Las semanas siguientes me depararon bastante trabajo, sólo interrumpidas por pausas para el descanso cuidadosamente calculadas. En un primer momento, mis maestros fueron mi padre y Torm, pero cuando empecé a familiarizarme con el idioma, se sumaron varios otros que me impartían enseñanzas sobre diversos temas. Torm, en realidad, sólo había aprendido el inglés como práctica y diversión, ya que no se hablaba en ninguna parte del planeta; evidentemente le gustaba expresar sus pensamientos en un idioma totalmente extraño.
Mi formación abarcaba, junto al saber intelectual, el conocimiento de las armas y el uso de otros numerosos instrumentos, tan familiares a los goreanos como entre nosotros son las calculadoras y las balanzas.
Uno de los aparatos más interesantes era el traductor, que se podía adaptar a diferentes idiomas.
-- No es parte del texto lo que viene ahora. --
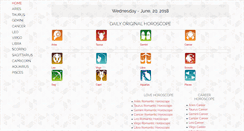 Desktop Screenshot of horoscope-daily-free.net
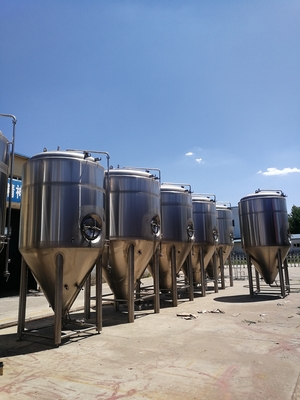 Vertical Jacketed Fermentation Tank Bright Beer Conical Beer Fermenter 3000L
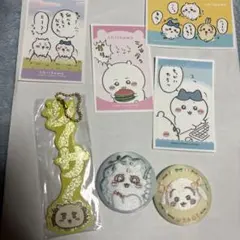 ちいかわ　刺繍缶バッジ ビスケット　うさぎ　あのこ　ダイカットアクキー　シーサー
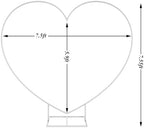 LANGXUN Large Size Metal Balloon Arch Kit, Wedding Heart Arch Stand, Love Balloon Column Arch Frame for Wedding, Bridal, Valentine's Day, Engagement and Birthday Party Supplies (White) - Image 2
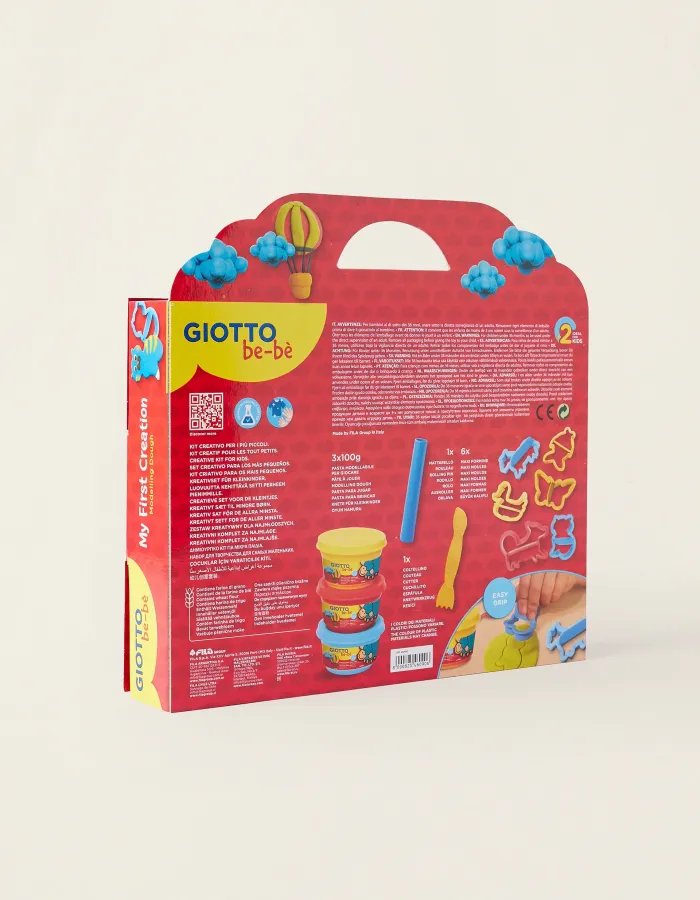 Giotto Be-Bè 'My First Creation' Plasticine and Accessories Pack 3A+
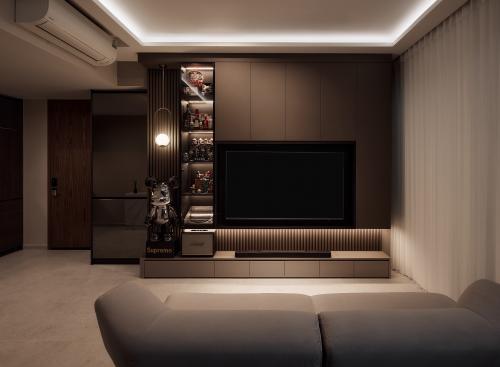 Modern Living Room at View At Kismis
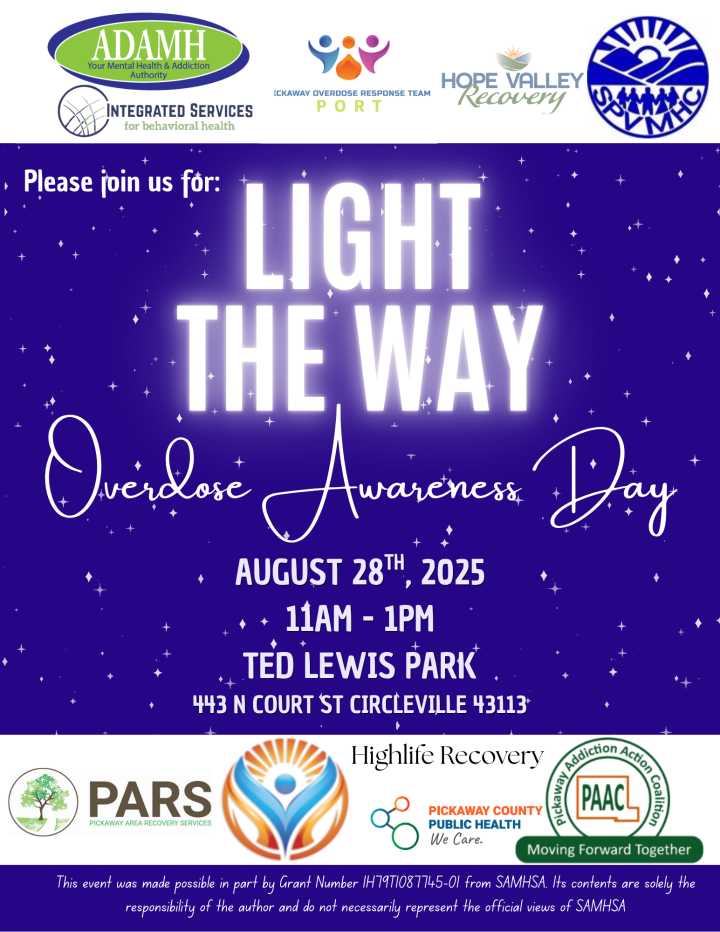 Pickaway County Public Health to Host “Light the Way” Overdose Awareness...
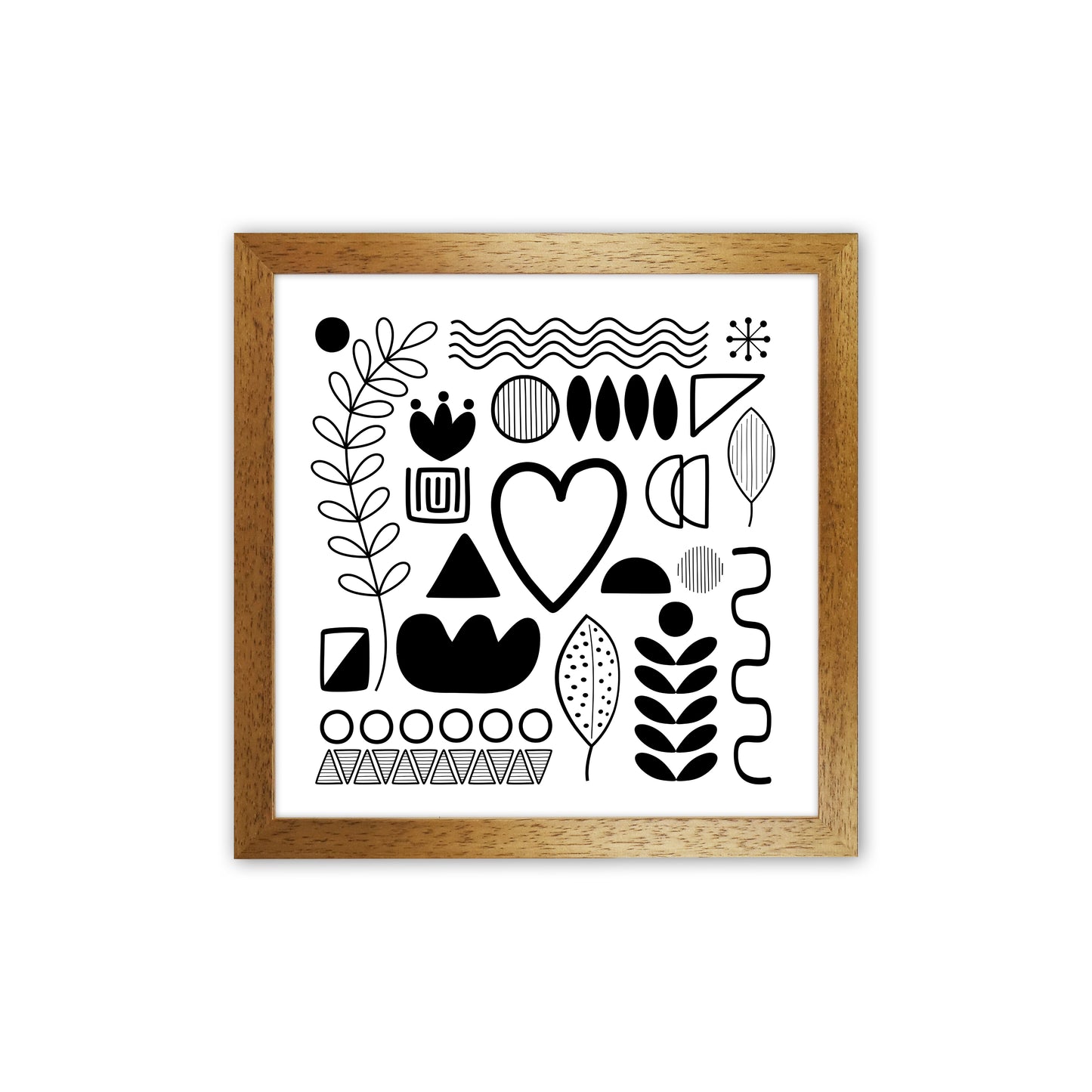 BW Scandi Shapes Square Original Oak Grain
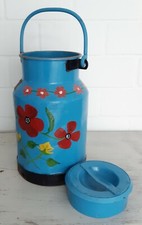 Alte Milchkanne bemalt * antik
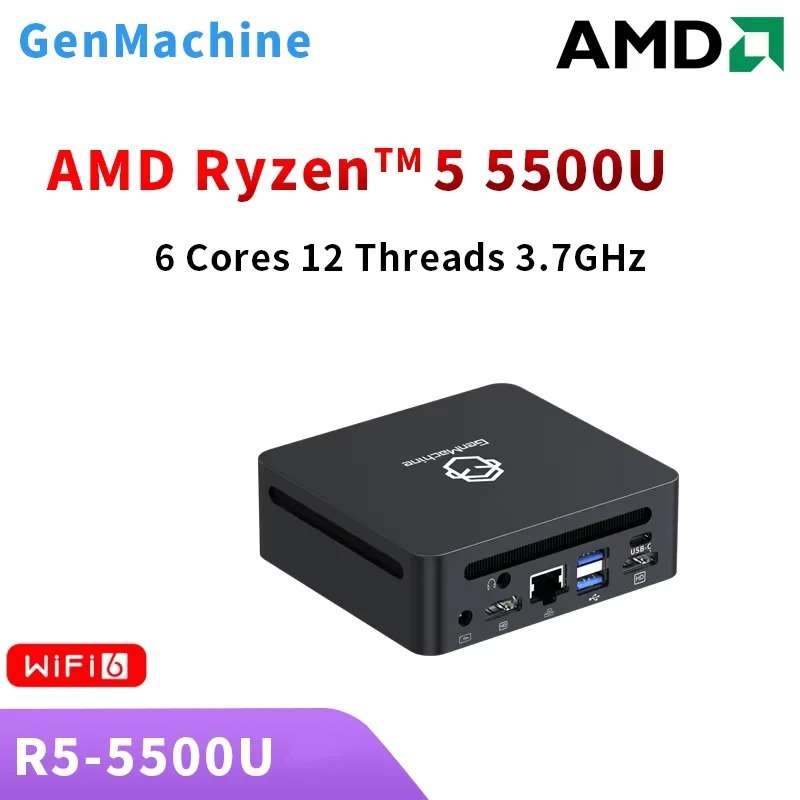 GenMachine Mini PC Ren5000 550 - Ddr4 3200Mhz ulasan dan harga
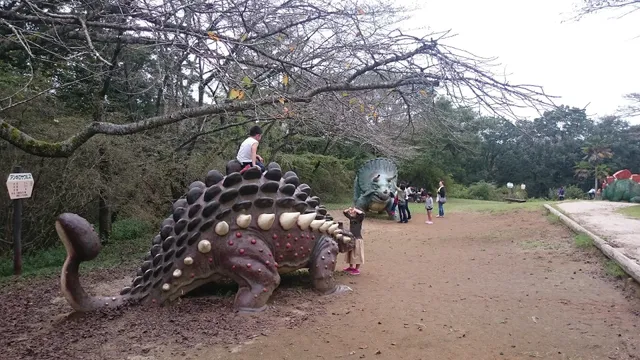 Mito City Forest Park Dinosaur Square.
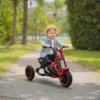 Driewieler, Kinderfiets, Loopfiets, Kinderfiets Met Pedaal, Loopfiets Voor Kinderen 18 36 Maanden, Staal, 79x44x50 Cm, Rood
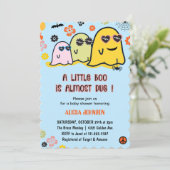 Halloween Baby Shower Einladungen Niedlich boo (Stehend Vorderseite)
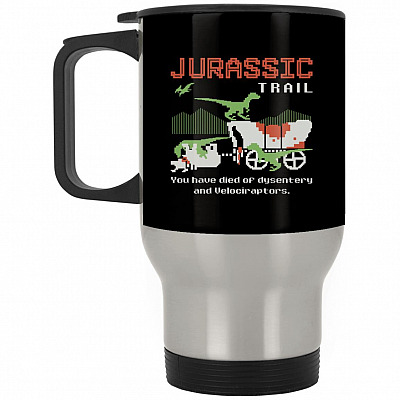 14 oz. Silver Travel Mug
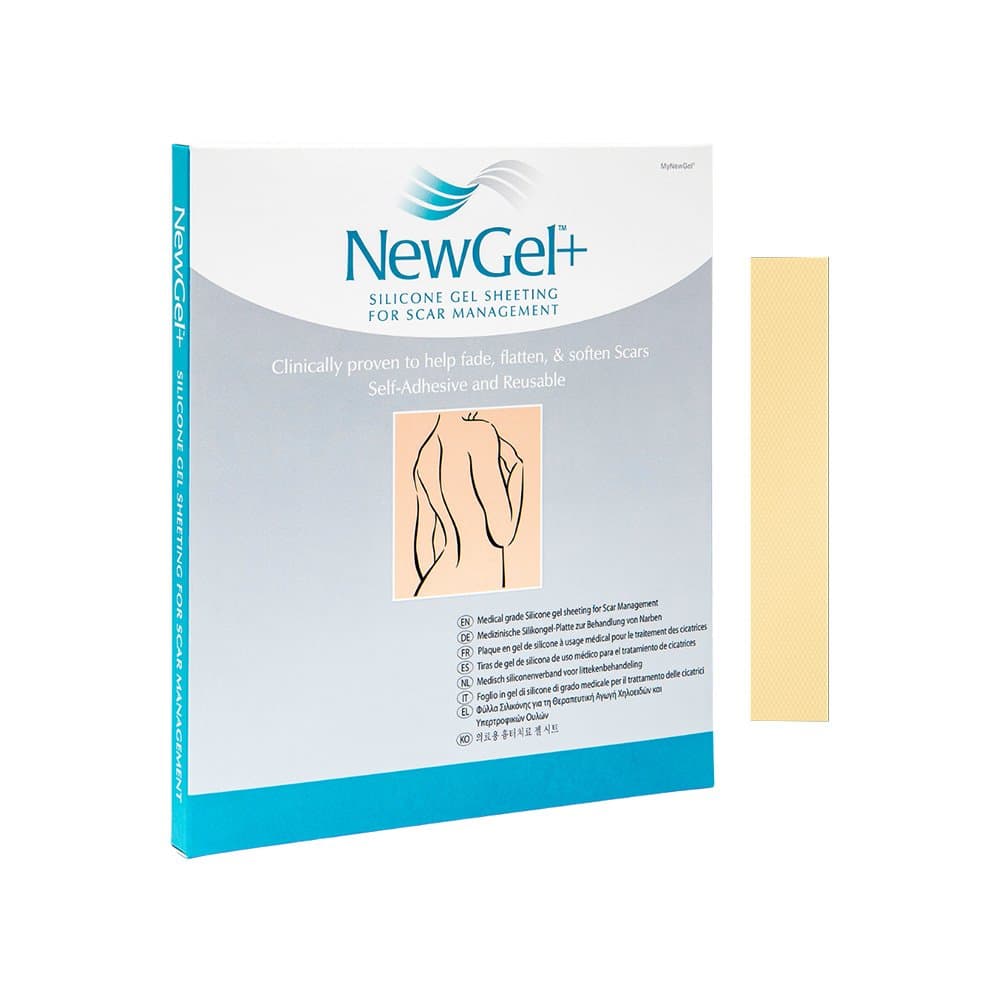 New Gel+ Béžová náplast ve tvaru proužku (4 ks)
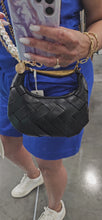 Load and play video in Gallery viewer, Black Basket Weave Crossbody
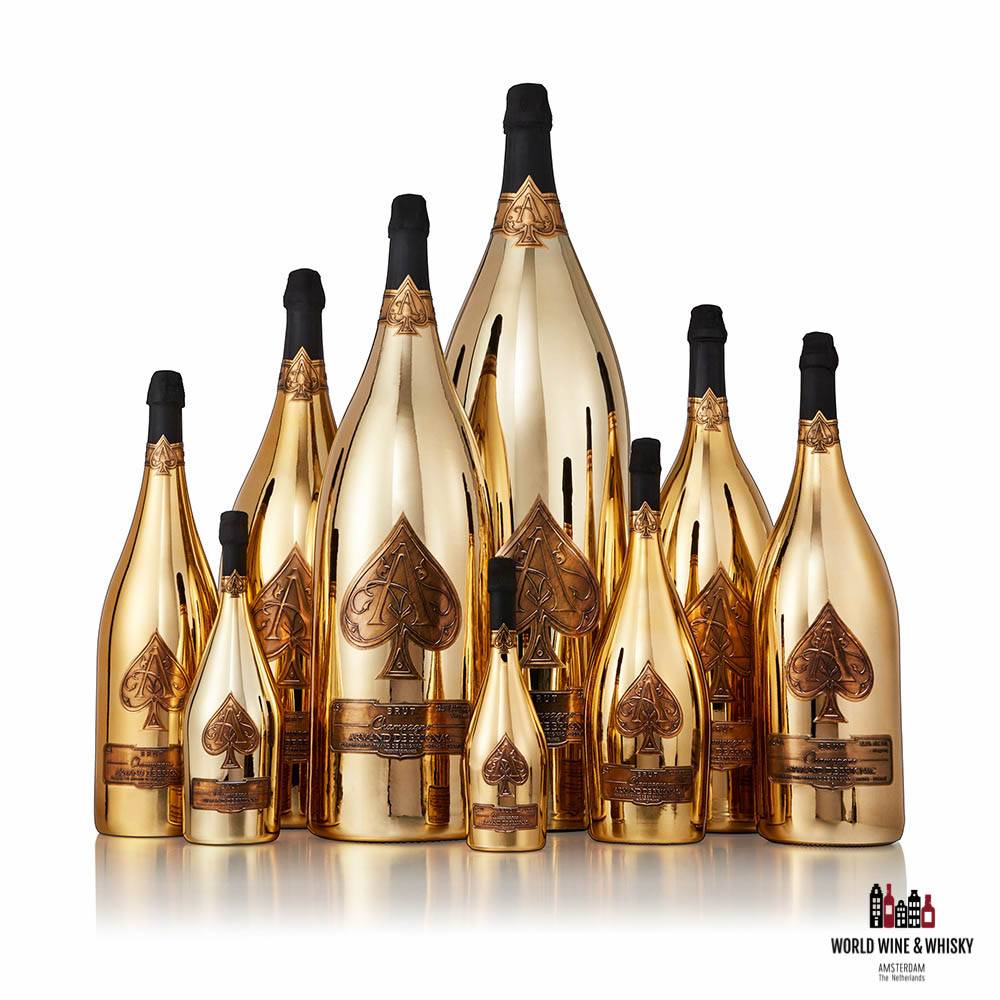 Armand de Brignac Gold in all sizes (up to a 30L bottle) for sale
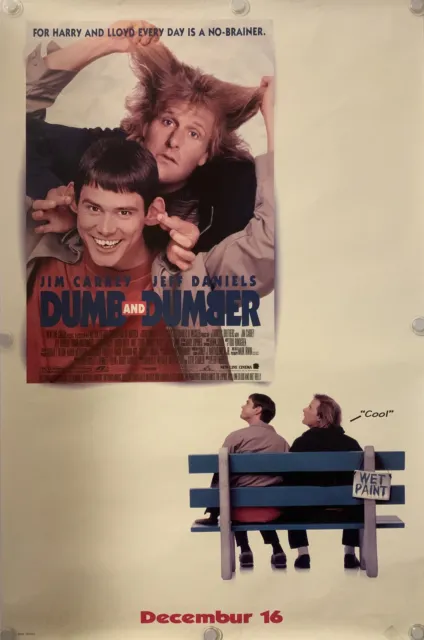 DUMB AND DUMBER Original One Sheet Movie Poster - 1994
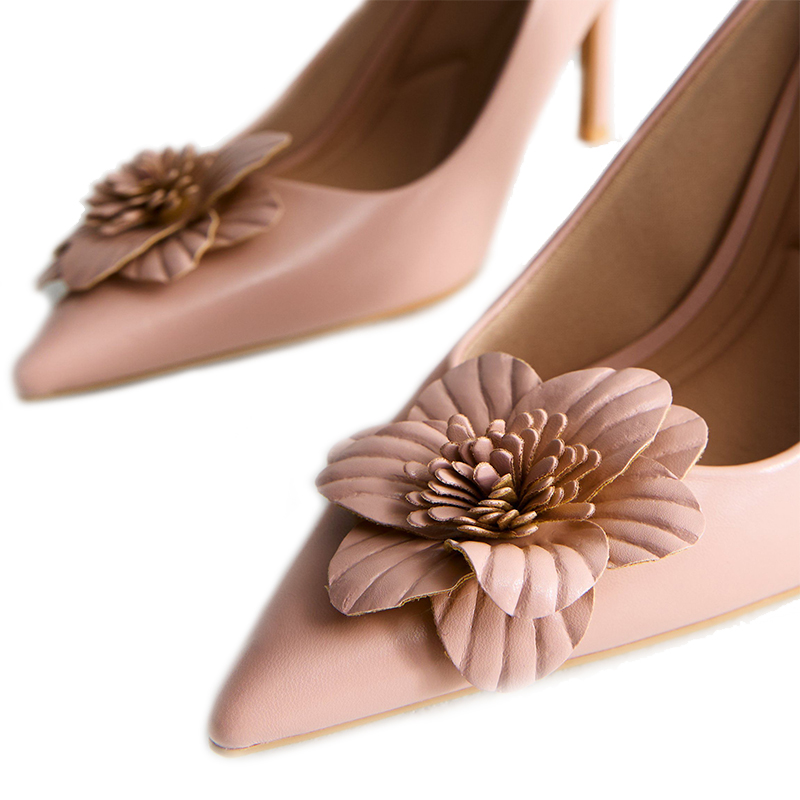 Elegant Women's Stiletto Heels with Flower Decor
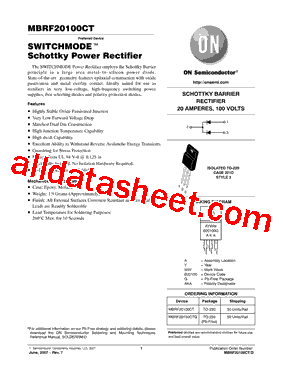 MBRF20100CTG型号图片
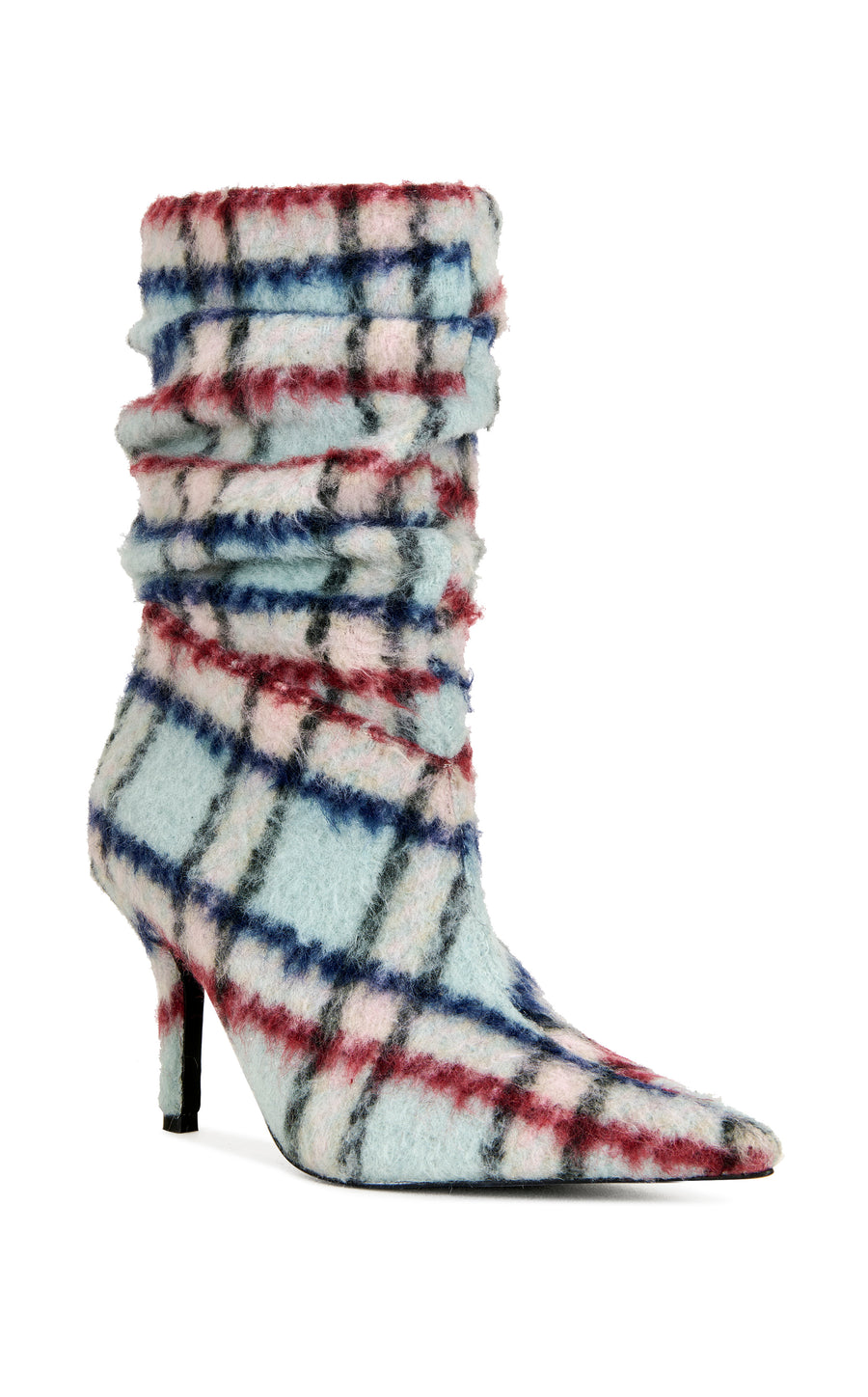 SANJIV-BLUEMULTI STILETTO BOOTIE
A pesar de que en Gor parecía existir un idioma principal conocido por todos, que tenía varios dialectos y lenguas secundarias, existían algunos idiomas que para mí no sonaban en absoluto como tales; me parecían más bien gritos de aves y animales de rapiña. El traductor me resultó, pues, muy útil.
Fue una grata sorpresa que mi padre hubiera adaptado uno de esos aparatos al idioma inglés: circunstancia muy favorable para mi estudio de idiomas. Para alivio de Torm yo también podía arreglármelas solo con el aparato, que además era una maravilla por sus reducidas dimensiones. Del tamaño aproximado al de una máquina de escribir portátil, podía ser adaptado a cuatro idiomas no goreanos. Naturalmente, las traducciones resultan muy literales y el vocabulario está limitado a unas veinticinco mil equivalencias para cada idioma. Por esta razón la máquina no era muy apropiada para una comunicación fluida.
Torm me había explicado escuetamente:
—Debes ocuparte de la historia y leyendas de Gor, de su geografía y economía, de sus estructuras sociales y costumbres, como puede ser el sistema de castas y los grupos de clanes, el derecho a colocar la Piedra del Hogar, el Lugar Sagrado, el derecho militar, etcétera.
Y yo me iba familiarizando con todo esto. De vez en cuando, Torm prorrumpía en un grito de espanto cuando yo cometía algún error, y entonces se armaba de un gran rollo de papel —con las obras de un autor con el que no simpatizaba— y me propinaba un golpe en la cabeza. Del modo que fuera, estaba decidido a que su instrucción diese frutos.